Related papers: From Intents to Conversations: Generating Intent-Driven Dialogues with Contrastive Learning for Multi-Turn Classification

From Intents to Conversations: Generating Intent-Driven Dialogues with Contrastive Learning for Multi-Turn Classification

URL: http://arxiv.org/abs/2411.14252v3
Date: Mon, 01 Sep 2025 08:57:22 GMT
Title: From Intents to Conversations: Generating Intent-Driven Dialogues with Contrastive Learning for Multi-Turn Classification
Authors: Junhua Liu, Yong Keat Tan, Bin Fu, Kwan Hui Lim,
Abstract summary: Chain-of-Intent is a novel framework that integrates Hidden Markov Models with Large Language Models to generate intent-driven, context-aware dialogues.<n> MINT-CL is a contrastive learning framework for multi-turn intent classification, which improves performance while reducing dependence on large-scale annotated datasets.
Score: 21.6988262735281
License: http://creativecommons.org/licenses/by/4.0/
Abstract: In conversational AI systems, a critical challenge in training effective multi-turn intent classification models lies in the generation of large-scale, domain-specific, multilingual dialogue datasets. In this paper, we introduce Chain-of-Intent, a novel framework that integrates Hidden Markov Models (HMMs) with Large Language Models (LLMs) to generate intent-driven, context-aware dialogues through self-play. Our method first extracts domain-specific intent transition patterns from real-world e-commerce chat logs, which guide the modeling of turn-level dynamics and intent sequences.

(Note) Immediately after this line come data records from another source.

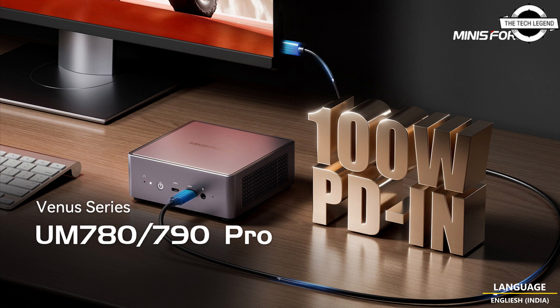Both computers have a metal chassis and share the same set of ports, including four USB Type-A ports, two HDMI ports, an RJ45 Ethernet port, and two full-speed PD-powered USB4 ports for flexible and scalable high-resolution and high-refresh-rate display options. Both support dual-channel LPDDR5 5600 high-frequency memory and dual PCIe 4.0 x4 SSD slots.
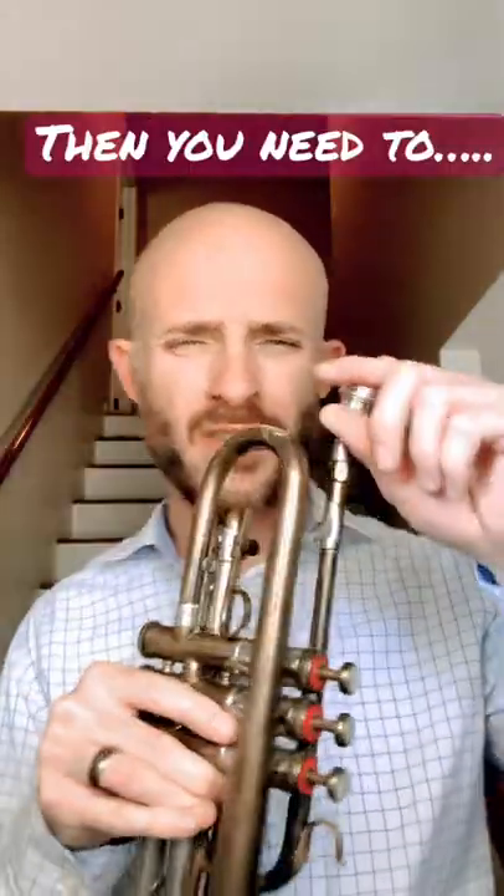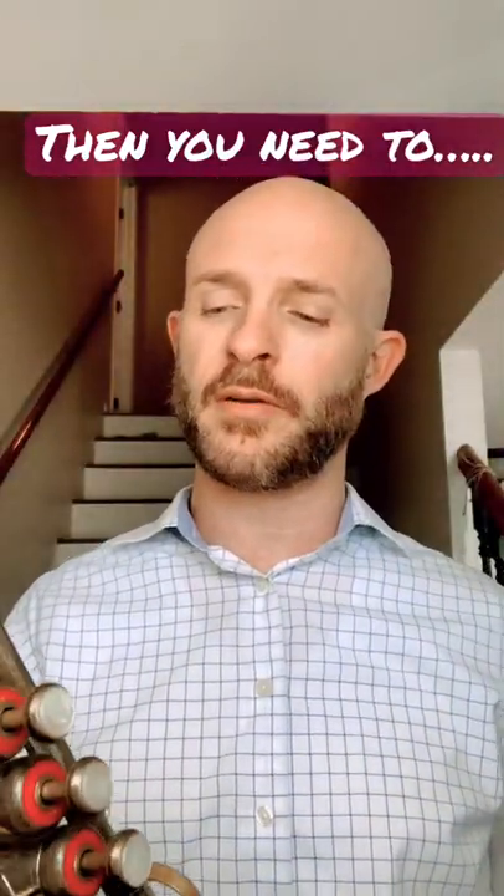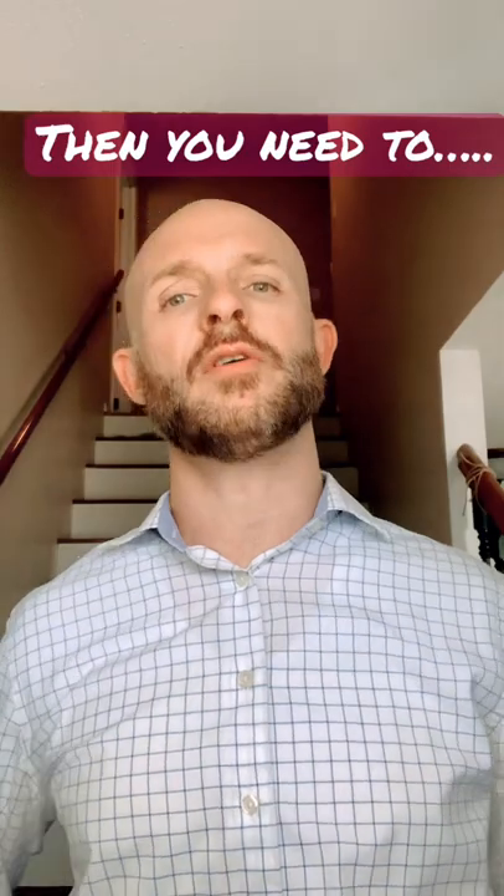Let's give it a shot, see what we think. What's up with that mouthpiece bent shank? But one thing about these old cornets — they don't take your traditional mouthpiece, so you will find some issues if you don't have an original. This one goes in pretty good. We'll give it a shot, see what we think.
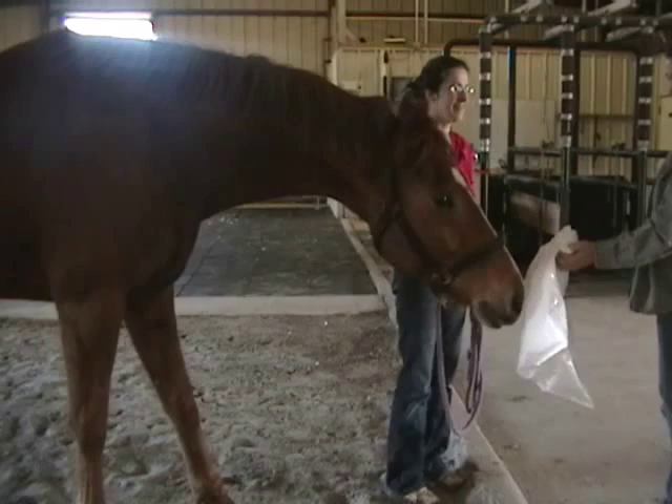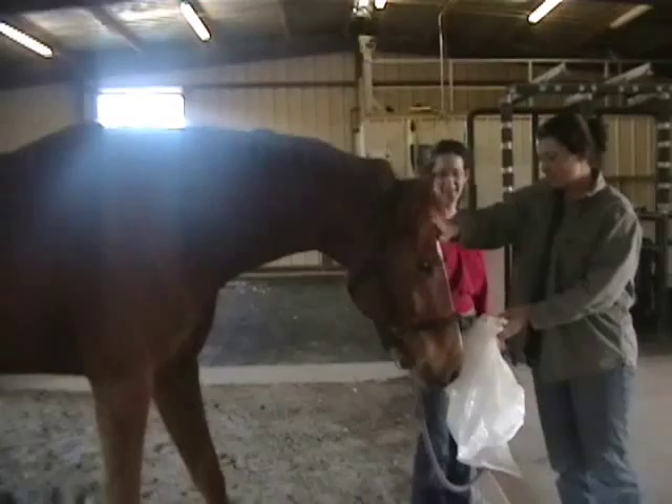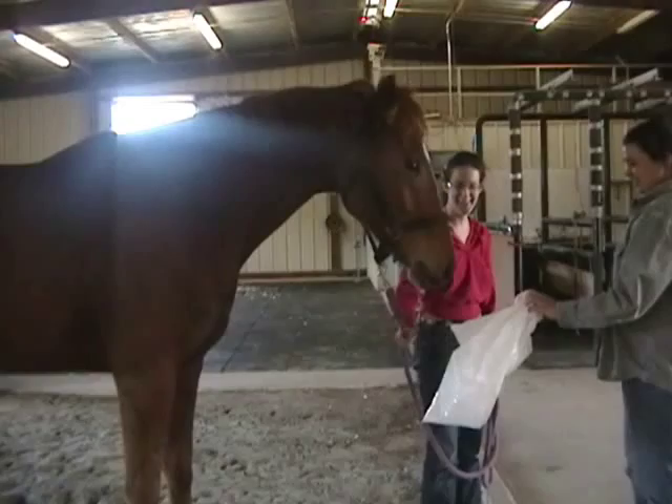Sacking out is where the inexperienced horse is rubbed and contacted repeatedly with a cloth or saddle blanket before placing anything on the horse's back. In our example, the horse was allowed to sniff a plastic bag which initially startled him. The bag was then rubbed over his body to lower the fear response.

LLMs are then employed to parameterize the emission probabilities of HMMs, enabling the generation of natural, coherent utterances aligned with predicted intents and dialogue context. We also propose MINT-CL, a multi-task contrastive learning framework for multi-turn intent classification, which improves performance while reducing dependence on large-scale annotated datasets. Empirical results demonstrate that our approach outperforms competitive baselines in dialogue generation quality and classification accuracy, particularly in multilingual settings. To facilitate future research, we release MINT-E, a comprehensive, multilingual, intent-aware multi-turn dialogue corpus derived from the e-commerce domain\footnote{The reproduced source code and dataset are available at https://github.com/junhua/chain-of-intent.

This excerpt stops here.